» **YOUR GOAL**
This exercise calls for the line with "Helles Wohnzimmer mit", the line with "Fresh raw meat", and all lines between them in the material below, output exactly and with no other lines.

» **RECORDS SHOWN**
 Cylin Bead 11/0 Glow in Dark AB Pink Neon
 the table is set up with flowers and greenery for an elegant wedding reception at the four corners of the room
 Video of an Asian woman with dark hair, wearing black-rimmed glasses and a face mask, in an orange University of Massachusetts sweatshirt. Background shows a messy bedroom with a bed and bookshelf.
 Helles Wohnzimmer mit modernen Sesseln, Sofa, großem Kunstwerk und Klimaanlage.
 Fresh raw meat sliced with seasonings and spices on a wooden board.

* * *

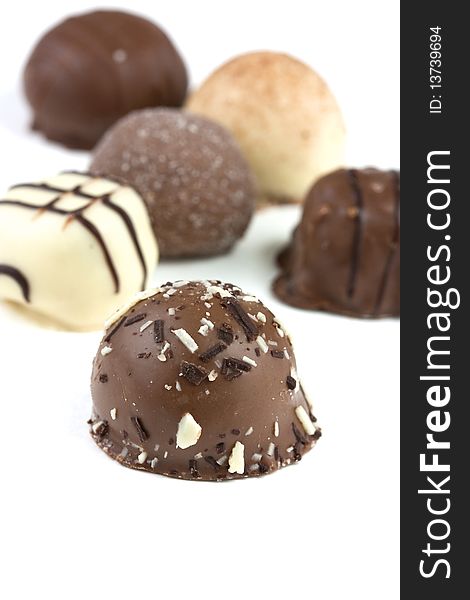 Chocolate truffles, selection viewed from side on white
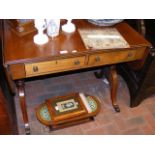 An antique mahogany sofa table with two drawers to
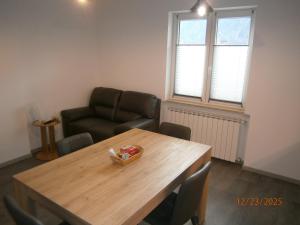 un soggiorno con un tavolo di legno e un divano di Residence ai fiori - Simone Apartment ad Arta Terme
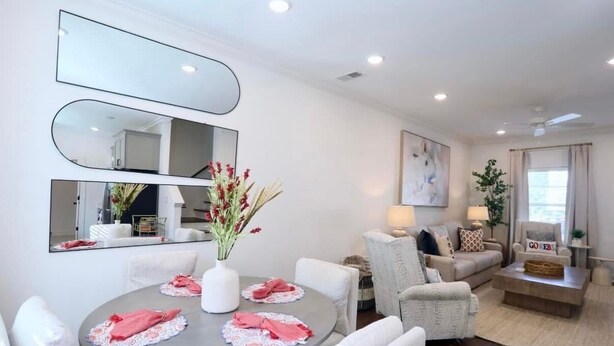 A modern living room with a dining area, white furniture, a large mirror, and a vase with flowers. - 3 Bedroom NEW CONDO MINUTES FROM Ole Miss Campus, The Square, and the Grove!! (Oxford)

* * *

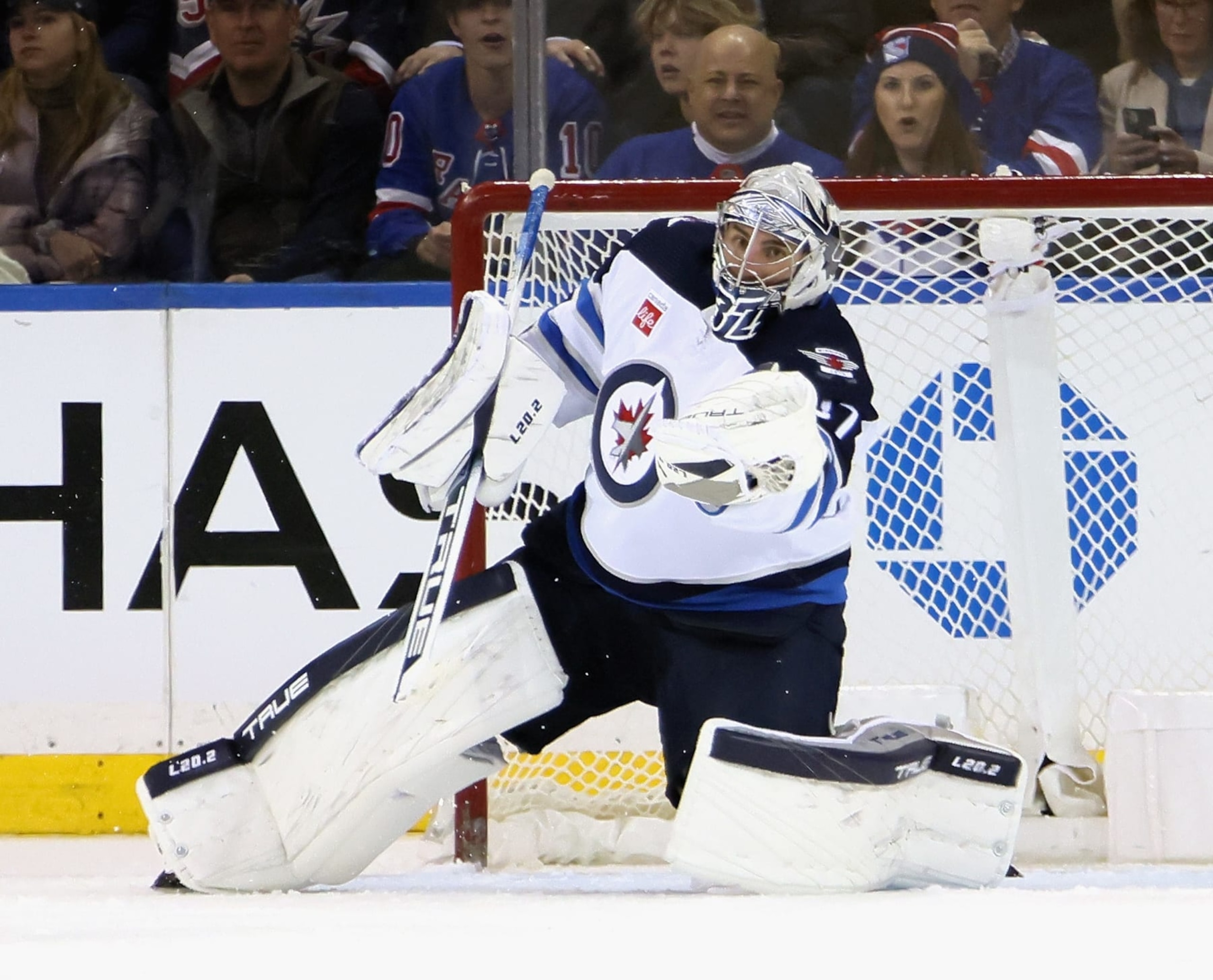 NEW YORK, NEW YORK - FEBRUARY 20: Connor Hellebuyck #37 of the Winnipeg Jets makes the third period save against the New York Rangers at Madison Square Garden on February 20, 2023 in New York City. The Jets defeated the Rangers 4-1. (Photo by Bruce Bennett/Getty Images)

» **PROBLEM SOLUTION**
 Helles Wohnzimmer mit modernen Sesseln, Sofa, großem Kunstwerk und Klimaanlage.
 Fresh raw meat sliced with seasonings and spices on a wooden board.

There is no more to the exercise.